Um discurso extremado de esquerda ou de direita não cola. Isso a gente pode ver pela experiência internacional. O PT nasceu como uma espécie de social-democracia mais radicalizada. Ele foi indo para a direita, no sentido de uma social-democracia. O PT é o partido social-democrata brasileiro. O Fernando Henrique pensou que dar o nome de social-democracia ao PSDB converteria os tucanos em social-democratas. Mas não é verdade. Aí ele foi mau sociólogo. Ele foi bom político, mas mau sociólogo. Não existe essa história de você se deslocar nominalmente para a esquerda como uma social-democracia. Quais são as bases populares dos tucanos? Social-democracia não é um apelido, a social-democracia foi uma tendência das classes sociais no sistema capitalista, não fora do sistema capitalista. O que era fora do sistema capitalista eram certas reivindicações de Karl Kautsky, por exemplo, um grande político social-democrata dos séculos 19 e 20, um alemão que fez o aggiornamento [atualização] do marxismo para o centro. Ele é o grande ideólogo desse aggiornamento, que na verdade é uma “direitização”. Ele é o grande autor. Ele e o [Eduard] Bernstein, que foi um social-democrata importantíssimo. O Bernstein era desprezado pela esquerda.

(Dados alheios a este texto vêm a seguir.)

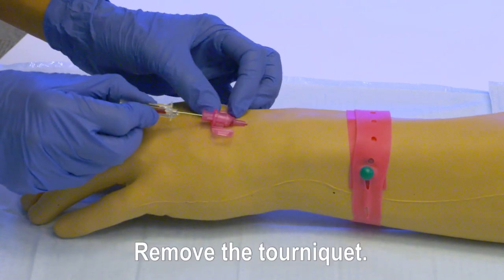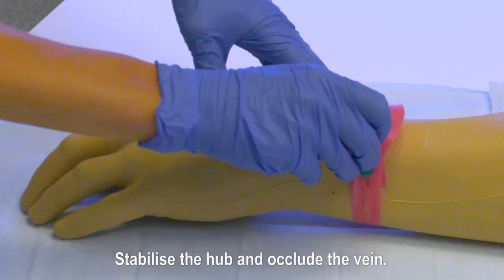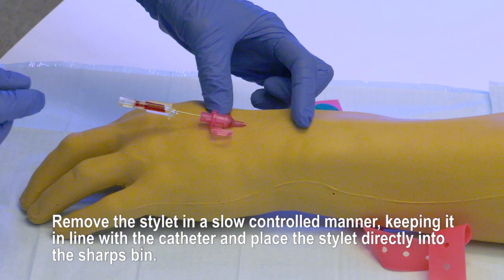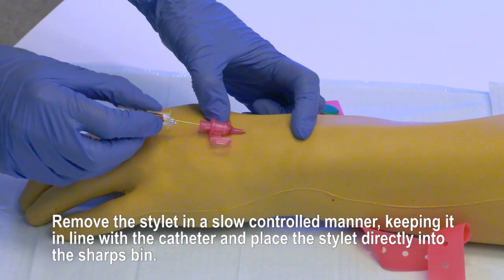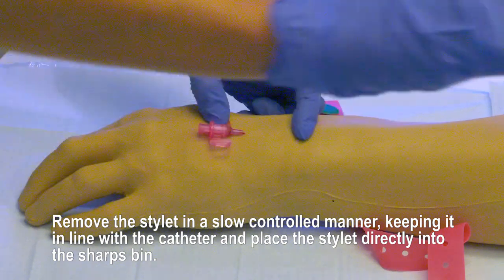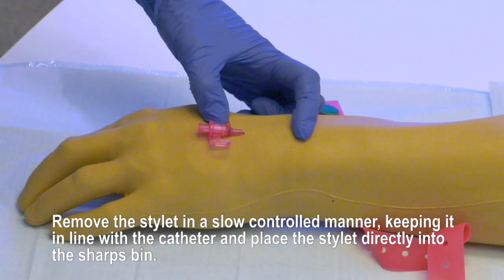Remove the tourniquet. Stabilise the hub and occlude the vein. Remove the stylet in a slow, controlled manner, keeping it in line with the catheter, and place the stylet directly into the sharps bin.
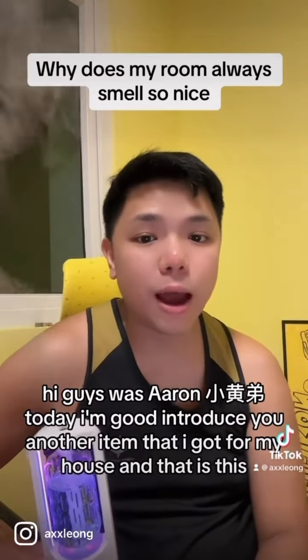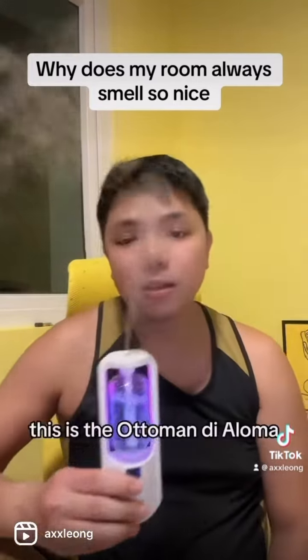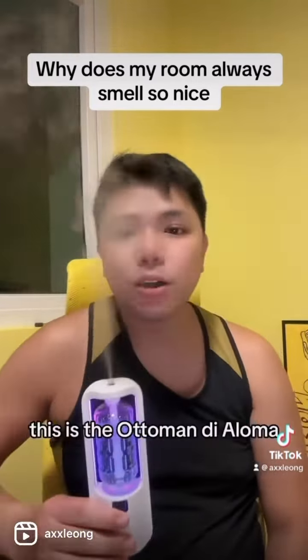So there you have it — five reasons why I chose this air freshener. If you'd like to get it, you can click the link below. Do follow me if you like more home automation and home improvement videos.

Então, esse movimento de ida para o centro é um movimento que encontra respaldo na sociedade. O último grande grito pela esquerdização foi do PCdoB. O que é o PCdoB hoje, alguém sabe? Não, não tem mais sustentação social. O Brasil é uma sociedade ainda pobre, não está no nível da Europa ocidental, mas se aproxima. O consenso social é formado por uma grande classe média que dá apoio a propostas que eram da tradição socialista, mas não dá apoio à socialização dos meios de produção. Na grande tradição social-democrata, o que sobrou, com muita força, nos países da social-democracia ocidental, foram os direitos sociais. Mas nada além disso. A social-democracia foi muito avançada, mas não foi além disso.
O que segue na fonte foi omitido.